Los adultos se caracterizan por su gran vistosidad. Son grandes (2 a 5 cm de longitud), con rostro o pico muy alargado y visible sobre el que los machos ostentan un tupé de pelos de color pardo rojizo. El color dominante de los adultos es el pardo rojizo anaranjado con lunares oscuros sobre la parte dorsal del tórax. Sus larvas pueden superar los 5 cm de longitud durante su último estadío y poseen una gruesa cápsula cefálica de color marrón oscuro brillante provista de poderosas mandíbulas.

Las palmeras afectadas presentan galerías que desde las axilas de las hojas llegan a la corona y que, posteriormente, pueden detectarse en diversas zonas del tronco. Las hojas centrales amarillean y se marchitan, de forma que en pocas semanas, la práctica totalidad de la corona se ve afectada originando la muerte de la palmera.

Para su control es importante realizar una prospección exhaustiva para delimitar y aislar los focos. Actualmente se están desarrollando numerosos ensayos para determinar las diferentes materias activas, formulaciones y dosis que permitan el control de esta temible plaga que, por el momento, sólo se localiza en la costa granadina, y que se encuentra en periodo de cuarentena para que no se extienda por el resto de Europa.

9. ENFERMEDADES

9.1. Fusarium oxysporum.

Este hongo infecta las raíces de las plantas e invade el xilema, provocando su marchitamiento y destrucción. Las hojas basales adquieren un tono gris amarillento, seguidamente se secan, hasta que la planta muere debido a que ésta es incapaz de conducir el agua y los nutrientes. La contaminación se produce a través de heridas ocasionadas por la rotura de raíces durante el transplante, así como en los suelos compactos, arcillosos, mal drenados, sometidos a riegos copiosos y a altas temperaturas.
Para su control se aconseja evitar heridas en las raíces, utilizar suelos sueltos bien drenados, no regar excesivamente, desinfectar el suelo y utilizar fungicidas en el agua de riego (sulfato, benomilo, etc.). 

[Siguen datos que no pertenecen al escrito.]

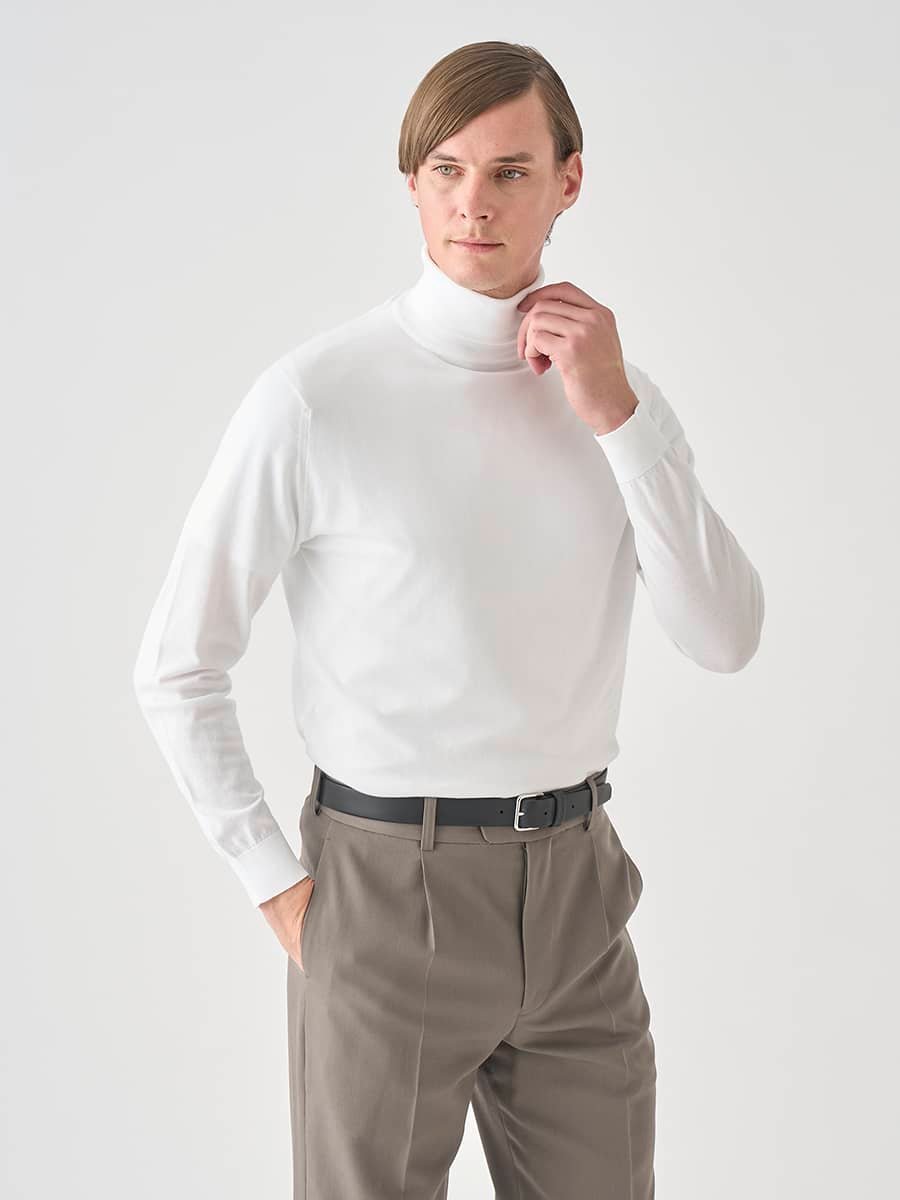 JOHN SMEDLEY タートルネック長袖コットンニットプルオーバー ｜ S4751 ｜ 30G MODERN FIT ジョンスメドレー トップス ニット ホワイト【送料無料】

9.2. Phytopthora palmivora.

Este hongo provoca la muerte de plantas jóvenes de semillero por destrucción de las raíces a nivel del cuello. El follaje de la planta se va secando hasta provocar la muerte de la planta. Los ambientes muy húmedos acompañados de elevadas temperaturas o bien en suelos y sustratos pesados favorecen su desarrollo. Se recomienda tratar con piroxyclor, metalaxil o etridiazol en el agua de riego. 

9.3. Armillaria mellea.

Se presenta en aquellos terrenos que han sufrido un cultivo anterior y que no han sido desbrozados o arados. Se manifiesta principalmente en plantas de Howea, presentando en la base del tallo y en las raíces cubiertas un micelio blanquecino que destruye el floema, lo que origina un menor crecimiento y la muerte de la planta. Se recomienda desbrozar, labras y desinfectar los suelos con cubiet, oxiquinoleato de cobre, etc. antes de establecer las plantaciones.

9.4. Otros hongos.

La falsa roya (Graphiola phoenicis) produce manchas irregulares pulverulentas que recuerdan a las royas. Se deberá vigilar su aparición controlando preventivamente con productos a base de mancozeb y tratando con oxicarboxina en el caso de aparecer ataques. Otro hongo, Helminthosporium sp., suele presentarse en invierno. Debe prevenirse con mancozeb o benomilo.